┌──
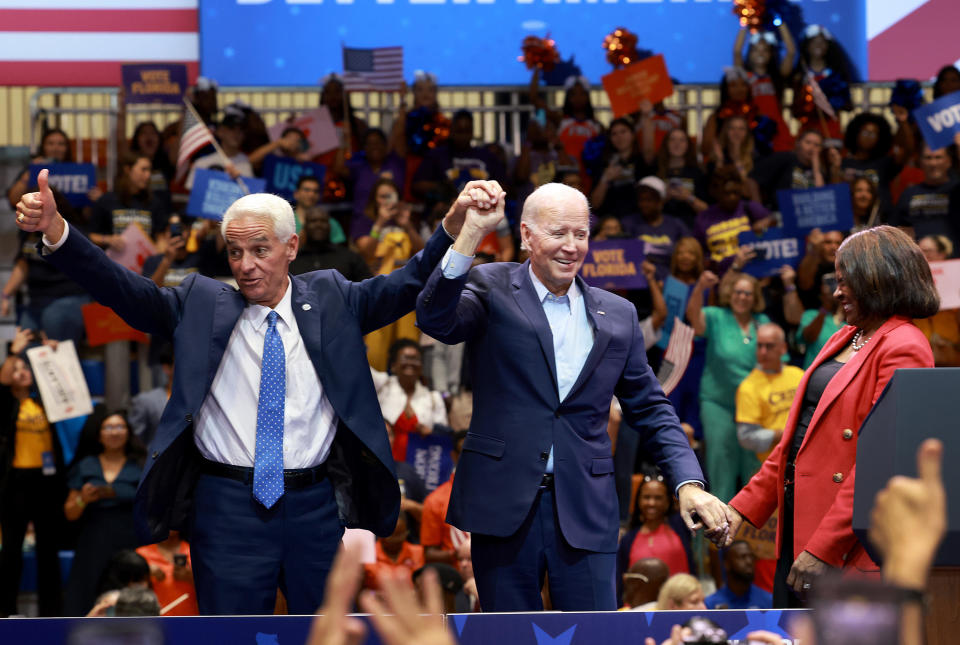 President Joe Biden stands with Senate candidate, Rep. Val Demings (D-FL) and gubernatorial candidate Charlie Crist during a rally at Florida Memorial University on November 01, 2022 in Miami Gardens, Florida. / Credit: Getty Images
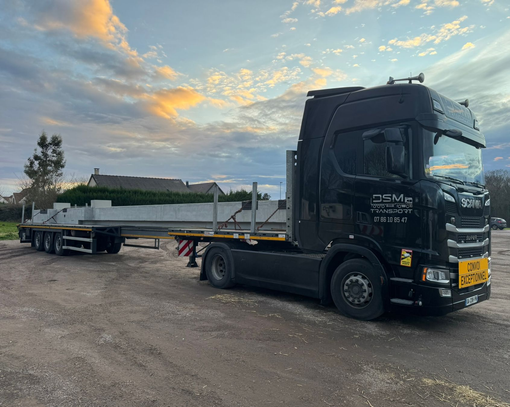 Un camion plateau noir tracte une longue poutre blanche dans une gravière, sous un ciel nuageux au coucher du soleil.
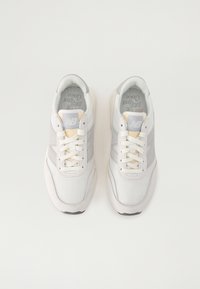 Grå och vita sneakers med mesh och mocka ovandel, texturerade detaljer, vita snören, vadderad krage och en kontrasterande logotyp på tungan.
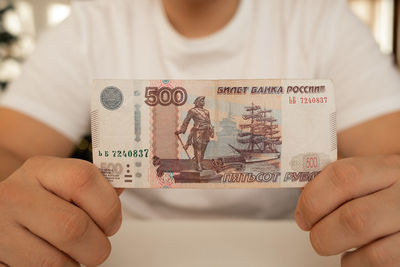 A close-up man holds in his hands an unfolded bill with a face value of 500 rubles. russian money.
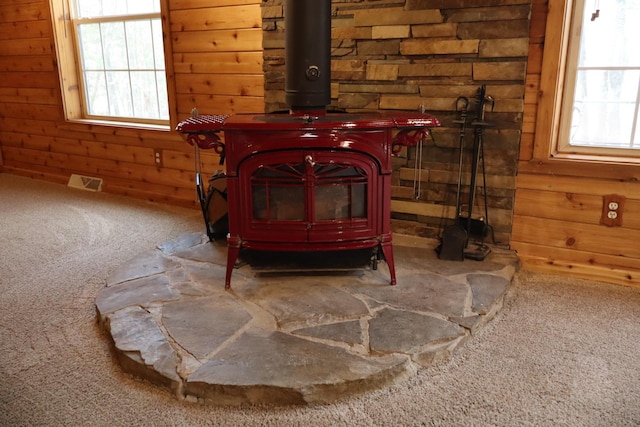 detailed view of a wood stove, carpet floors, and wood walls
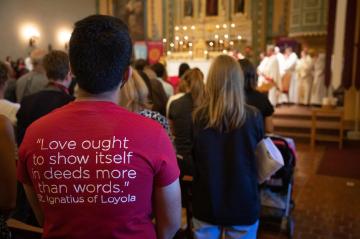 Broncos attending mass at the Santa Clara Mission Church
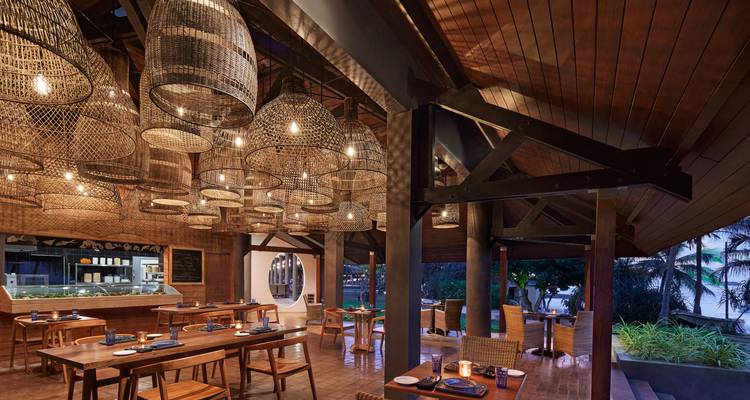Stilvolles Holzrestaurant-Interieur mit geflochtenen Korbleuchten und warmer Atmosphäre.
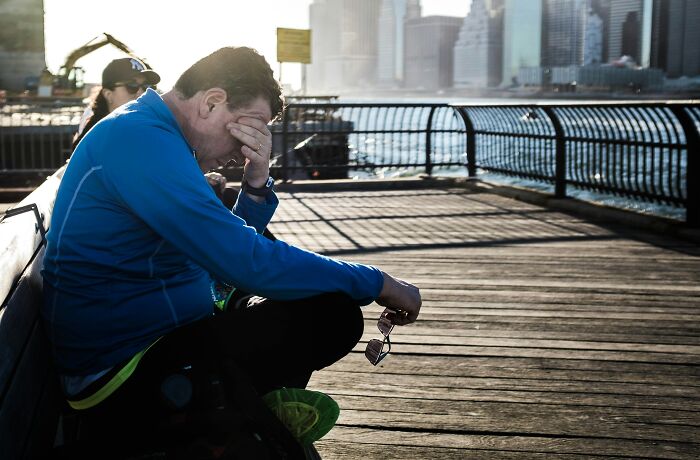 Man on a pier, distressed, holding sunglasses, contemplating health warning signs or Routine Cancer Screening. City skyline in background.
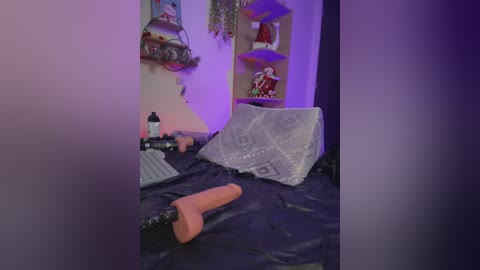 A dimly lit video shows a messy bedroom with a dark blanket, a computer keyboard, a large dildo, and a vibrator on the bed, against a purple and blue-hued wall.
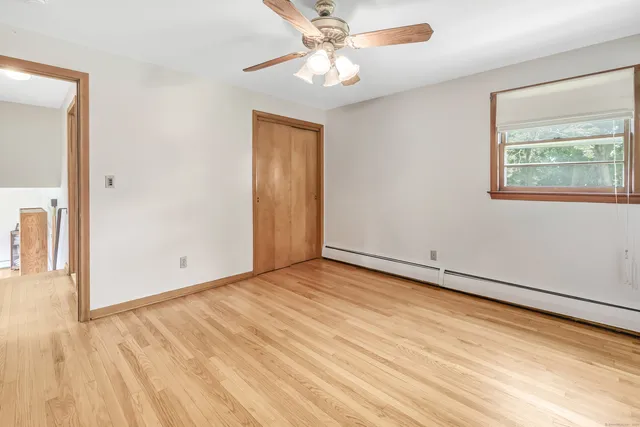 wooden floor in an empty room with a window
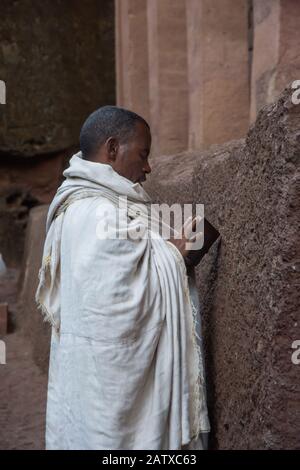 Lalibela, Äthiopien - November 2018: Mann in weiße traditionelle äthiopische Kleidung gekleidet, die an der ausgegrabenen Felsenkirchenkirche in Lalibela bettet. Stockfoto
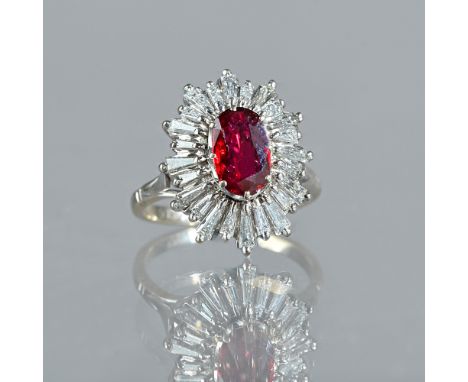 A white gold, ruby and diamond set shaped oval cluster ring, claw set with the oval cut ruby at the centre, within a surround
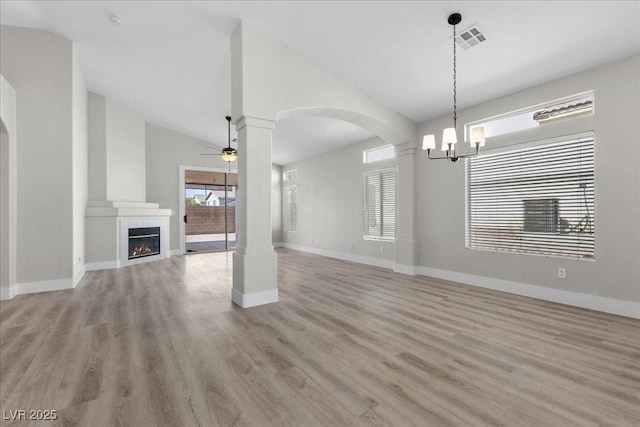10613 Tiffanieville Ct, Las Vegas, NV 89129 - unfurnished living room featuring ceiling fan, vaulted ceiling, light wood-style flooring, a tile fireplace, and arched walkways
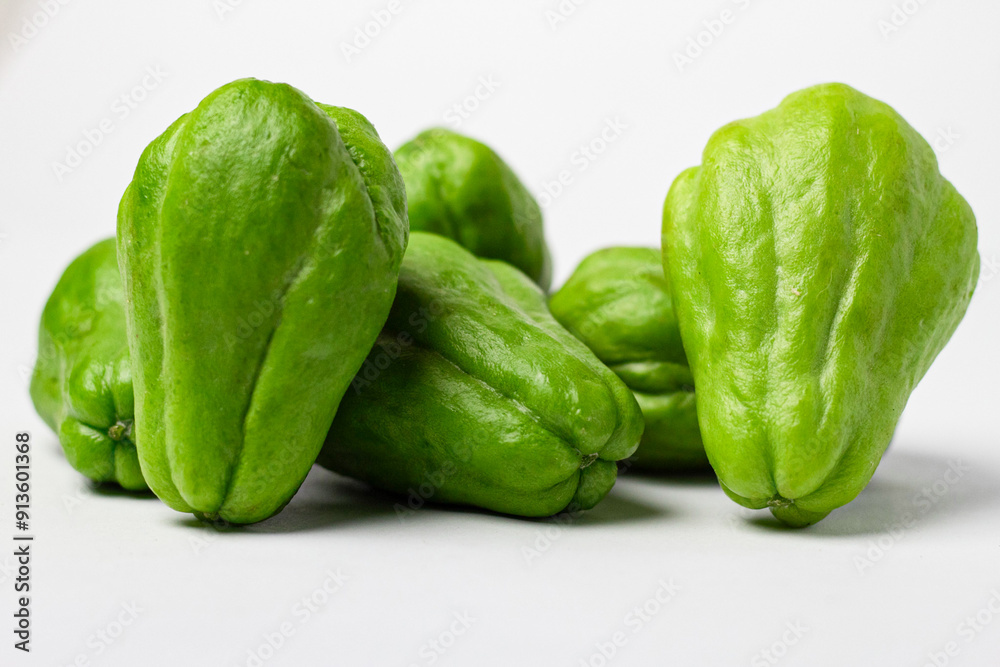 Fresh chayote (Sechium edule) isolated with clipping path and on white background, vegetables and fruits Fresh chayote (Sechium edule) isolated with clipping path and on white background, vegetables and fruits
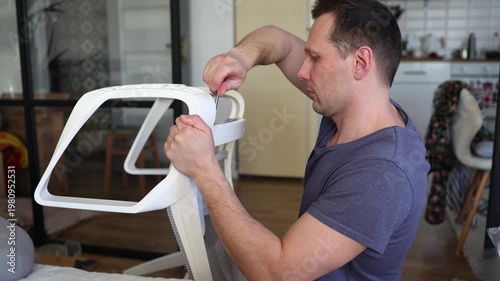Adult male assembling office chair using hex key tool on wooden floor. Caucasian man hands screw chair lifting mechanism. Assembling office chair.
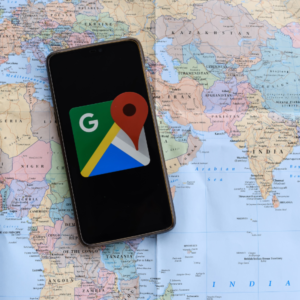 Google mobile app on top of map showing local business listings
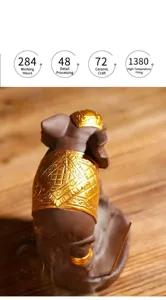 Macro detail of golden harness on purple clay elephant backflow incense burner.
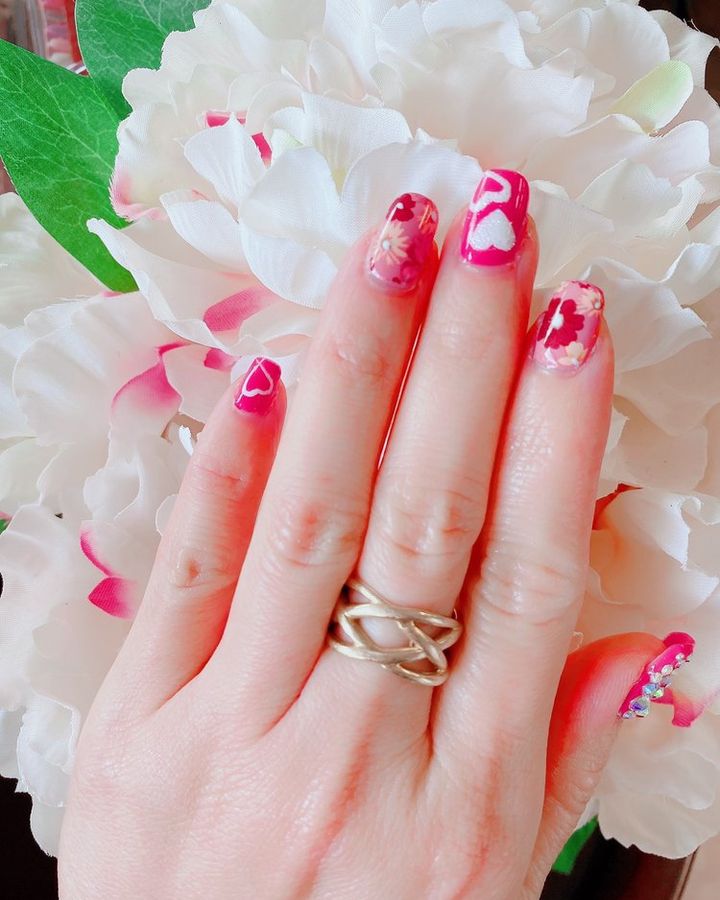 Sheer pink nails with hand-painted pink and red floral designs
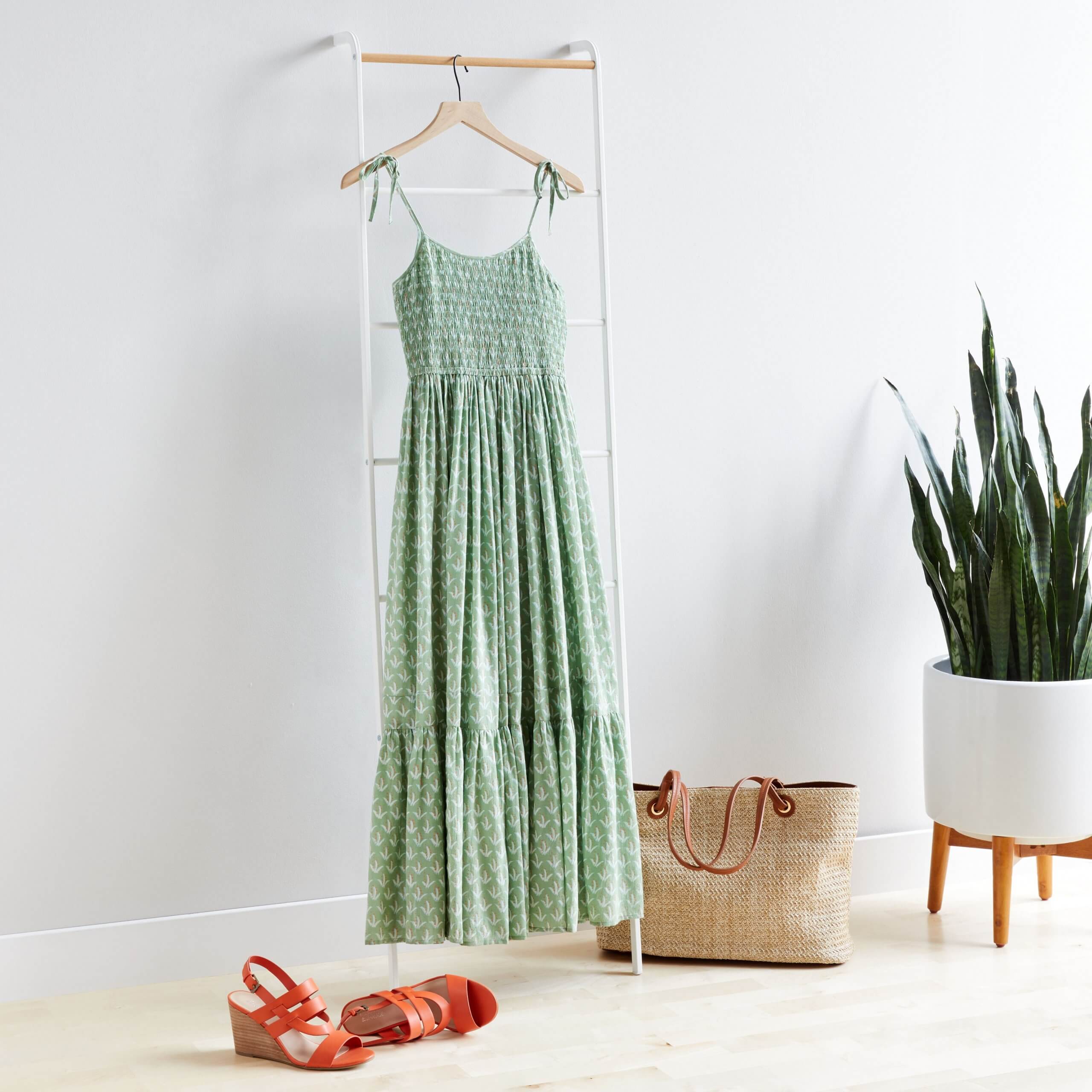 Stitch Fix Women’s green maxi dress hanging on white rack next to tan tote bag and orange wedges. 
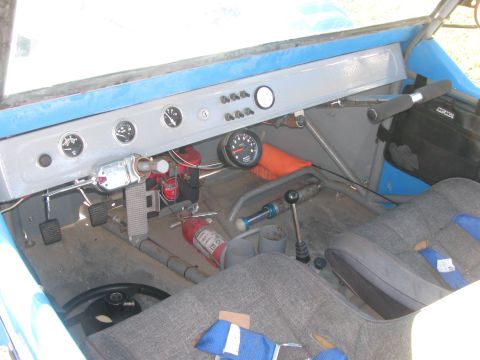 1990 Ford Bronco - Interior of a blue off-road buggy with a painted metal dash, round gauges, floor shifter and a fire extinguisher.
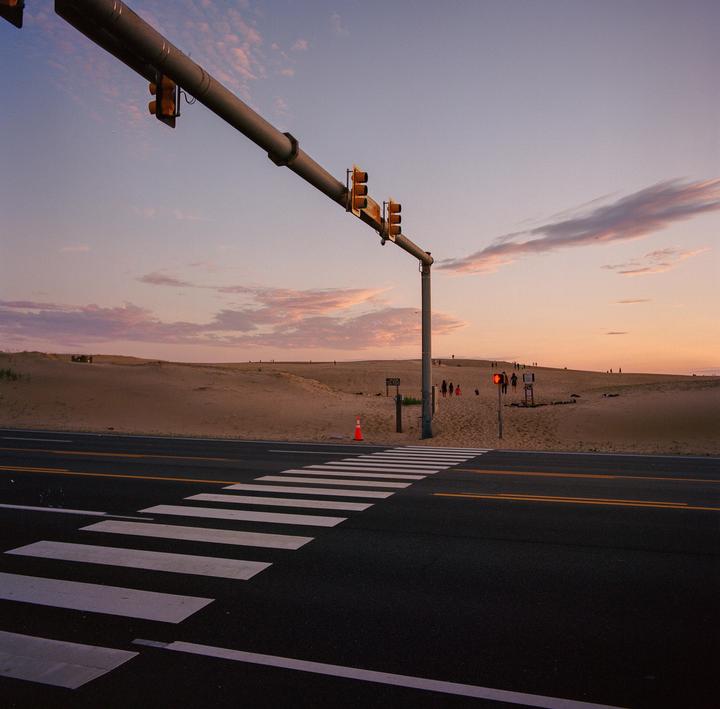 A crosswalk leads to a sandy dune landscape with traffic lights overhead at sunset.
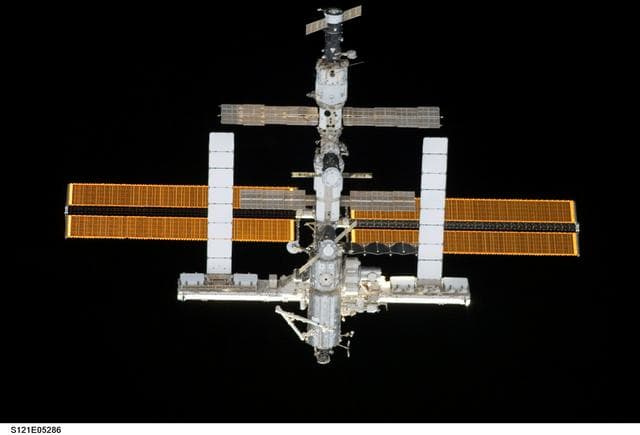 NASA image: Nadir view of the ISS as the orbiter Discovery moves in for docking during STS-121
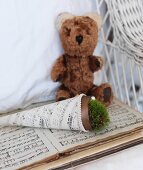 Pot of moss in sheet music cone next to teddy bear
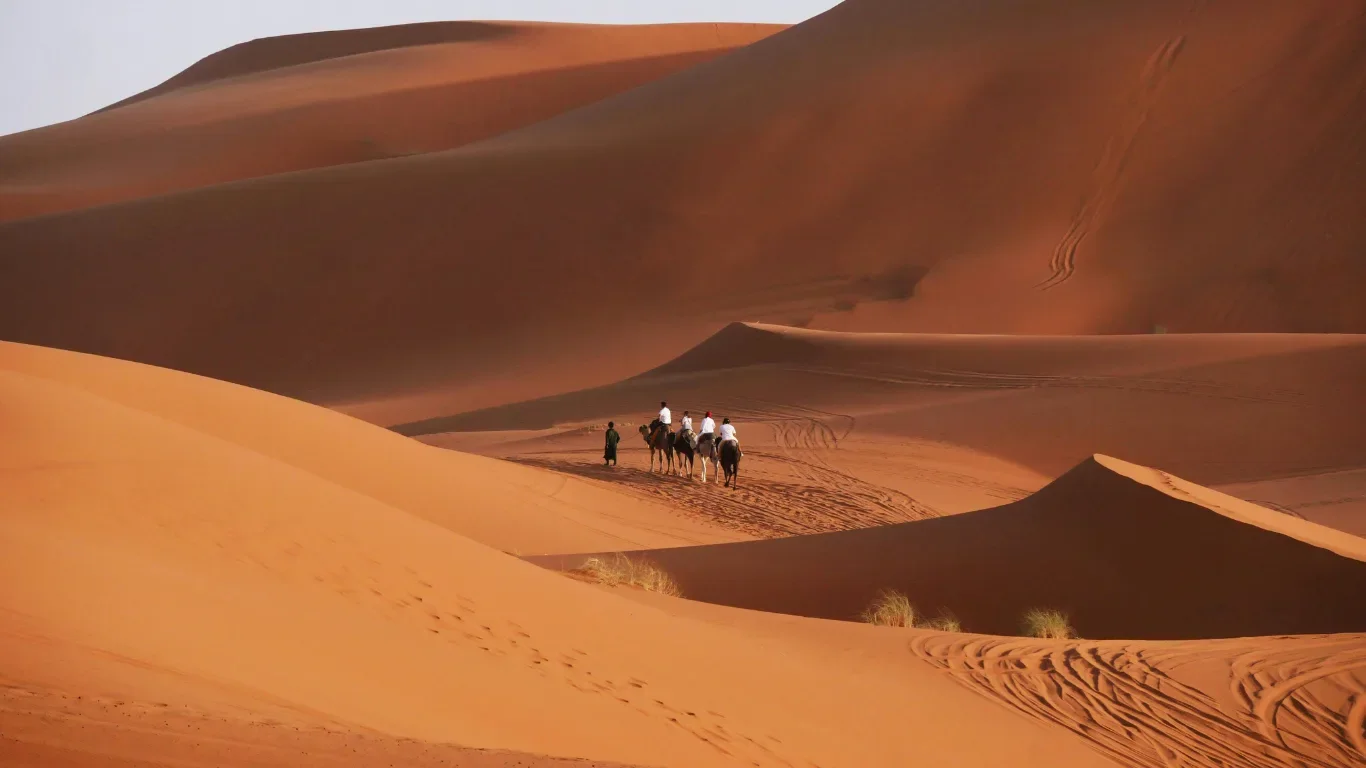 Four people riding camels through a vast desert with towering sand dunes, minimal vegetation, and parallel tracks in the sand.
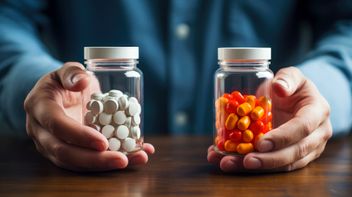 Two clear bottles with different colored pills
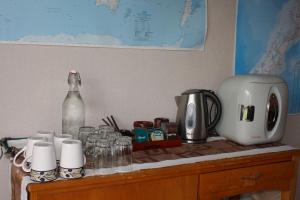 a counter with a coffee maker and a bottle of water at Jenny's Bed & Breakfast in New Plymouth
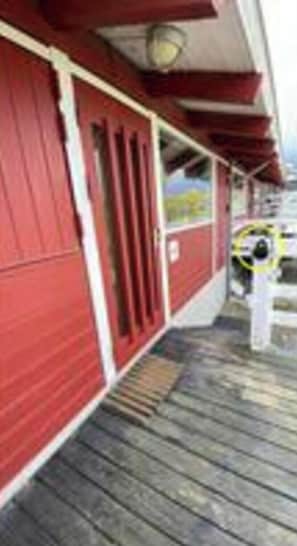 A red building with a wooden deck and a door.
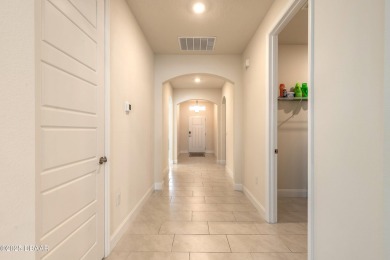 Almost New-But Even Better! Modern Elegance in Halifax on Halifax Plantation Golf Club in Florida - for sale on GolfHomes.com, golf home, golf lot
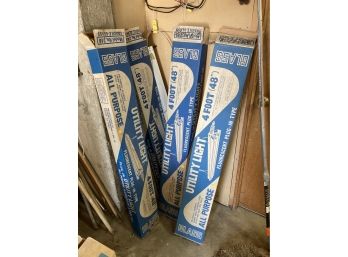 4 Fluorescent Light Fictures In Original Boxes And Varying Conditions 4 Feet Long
└──
Take the line that contains "Pot of moss" and all lines after it to the end of the material above, and copy them verbatim without any images.

→ REPLY TO THE EXERCISE:
 Pot of moss in sheet music cone next to teddy bear
 Four people riding camels through a vast desert with towering sand dunes, minimal vegetation, and parallel tracks in the sand.
 Two clear bottles with different colored pills
 a counter with a coffee maker and a bottle of water at Jenny's Bed & Breakfast in New Plymouth
 A red building with a wooden deck and a door.
 Almost New-But Even Better! Modern Elegance in Halifax on Halifax Plantation Golf Club in Florida - for sale on GolfHomes.com, golf home, golf lot
 4 Fluorescent Light Fictures In Original Boxes And Varying Conditions 4 Feet Long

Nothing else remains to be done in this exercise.